Hill Memorial School, originally Hill School (but also known as Hill Girls' School and Hill Institute) is a pre-school and primary school in Athens, which was one of the first institutions to offer kindergarten schooling, normal school training and education to girls in Greece. Founded as a co-educational facility in 1831 in the aftermath of the Greek War of Independence, it became a center offering infant schooling, primary schooling and industrial training for girls only in 1843, closing its teacher training and boys elementary schools. In 1869, as demands for women's education increased, the school began offering private teacher training, resuming its history as one of the first normal schools in Greece. The school continued to operate into the 20th century as a girls high school, elementary school and kindergarten until 1982, when the high school was closed. The present facility, which is the oldest continuously-operated school in Greece, is a private pre-school and primary school.

==History==
Hill School was founded by the American missionaries, John Henry and Frances Maria (née Mulligan) Hill in 1831, as an educational facility in Plaka, near the Ancient Agora of Athens. At the time of its establishment, Greece had just gained independence from the Ottoman Empire and was attempting to establish a functioning state. Athens had not yet been designated as the capital and upon arrival in the city, the Hills found the city in ruins. They began offering a classical school with Biblical training in their home to local children and within two months enrollment had gone from 20 to 167 pupils. It was the only school in Greece offering education to women at that time. By 1834, the school had gained approval from the Greek authorities and King Otho of Greece suggested that it include training to teach girls to become teachers. The following year, the school building was constructed at the corner of N. Nikodimou Street and Toukididou Street (in the same location which it is now housed) and the nursery school, the first kindergarten in Greece, began operating. An early pupil of the school was Elisavet Contaxaki, who was later involved in the Cretan counter revolutionary movement and was influential with diplomats resident in Crete and Constantinople. Contaxaki lived with the Hills and her education was supervised by Dr Hill. She went on to become his assistant, as well as teaching at the school.

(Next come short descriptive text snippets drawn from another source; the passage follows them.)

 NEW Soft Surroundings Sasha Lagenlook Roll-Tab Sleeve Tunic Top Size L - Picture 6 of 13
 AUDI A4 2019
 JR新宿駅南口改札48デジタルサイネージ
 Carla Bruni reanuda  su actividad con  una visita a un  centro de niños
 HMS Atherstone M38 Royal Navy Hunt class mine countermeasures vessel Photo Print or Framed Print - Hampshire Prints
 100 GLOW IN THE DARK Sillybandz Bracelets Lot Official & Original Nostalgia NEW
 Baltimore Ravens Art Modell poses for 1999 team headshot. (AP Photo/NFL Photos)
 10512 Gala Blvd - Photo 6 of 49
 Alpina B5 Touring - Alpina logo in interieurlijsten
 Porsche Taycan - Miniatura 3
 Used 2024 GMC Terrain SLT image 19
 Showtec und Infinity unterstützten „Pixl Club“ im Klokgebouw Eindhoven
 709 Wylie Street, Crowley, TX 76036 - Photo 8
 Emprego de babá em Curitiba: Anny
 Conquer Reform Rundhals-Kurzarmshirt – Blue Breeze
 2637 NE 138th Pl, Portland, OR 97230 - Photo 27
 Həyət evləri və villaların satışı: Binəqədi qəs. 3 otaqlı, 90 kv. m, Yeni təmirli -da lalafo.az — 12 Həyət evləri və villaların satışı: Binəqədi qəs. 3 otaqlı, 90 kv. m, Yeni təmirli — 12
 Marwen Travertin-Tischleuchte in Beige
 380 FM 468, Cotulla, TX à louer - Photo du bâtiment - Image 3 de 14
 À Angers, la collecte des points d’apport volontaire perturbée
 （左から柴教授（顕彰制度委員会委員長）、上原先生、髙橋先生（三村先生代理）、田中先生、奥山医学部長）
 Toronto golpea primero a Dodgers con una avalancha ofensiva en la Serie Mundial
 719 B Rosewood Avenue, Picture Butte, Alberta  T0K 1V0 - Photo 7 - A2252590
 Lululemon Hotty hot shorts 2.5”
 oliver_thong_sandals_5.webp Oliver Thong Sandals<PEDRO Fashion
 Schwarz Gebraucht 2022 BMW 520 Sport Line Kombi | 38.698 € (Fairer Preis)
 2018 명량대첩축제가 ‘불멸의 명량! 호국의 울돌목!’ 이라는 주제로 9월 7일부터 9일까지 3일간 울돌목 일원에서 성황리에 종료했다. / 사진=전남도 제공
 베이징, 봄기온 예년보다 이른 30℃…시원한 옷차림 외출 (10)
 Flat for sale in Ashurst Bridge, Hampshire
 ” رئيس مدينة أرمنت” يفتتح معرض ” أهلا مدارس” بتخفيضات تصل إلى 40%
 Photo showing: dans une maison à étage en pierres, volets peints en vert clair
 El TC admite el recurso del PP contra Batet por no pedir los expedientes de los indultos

Within two years, a boarding school had been established and the school had earned a favorable reputation, as well as patronage by some of Athens' wealthiest families. Mrs. Hill was supervising co-educational "infant" schooling for four to eight-year-olds, a girls' primary school, an industrial training school to teach poverty-stricken girls sewing and domestic work, and a normal school. Under her management were three female teachers sent by the Episcopal Foreign Mission Board, as well as several Greek teachers. In 1842, after anti-missionary attacks on the school, the facility was closed for the duration of the term. When it reopened the following year, only kindergarten, the girls' elementary school, and the girls' industrial school were offered. The elementary school became a distinguished facility and its graduation ceremonies attracted local dignitaries. One of its students in the 1880s, was Sevasti Kallisperi, who would become the first Greek woman to graduate from a university, the Head of the school was Kalliopi Kehajia until the 1870s, and through the 1970s, the school remained one of the leading girl's educational facilities in Athens.

In 1869, Mrs. Hill reopened the normal school as the Hill Institute and operated it as a private school, in addition to the other facilities. She continued administering the organization until her death in 1884. At that time, her niece, Bessie Masson, assumed direction of the school, managing it for the next 34 years. In 1918, upon Masson's death, the 3rd generation of the family, took over the direction of the school managing it until 1957, during which time the boarding facilities closed. In 1953, the school received a citation from the City of Athens upon achieving its 122nd year of operation. The kindergarten, elementary and high school continued through the fourth generation of the hill family, until the girls' high school was closed in 1982. The sixth generation of the Hill family currently operate the kindergarten and grammar school, which is the oldest school in continuous operation in the country and continues to be one of the leading schools in Athens.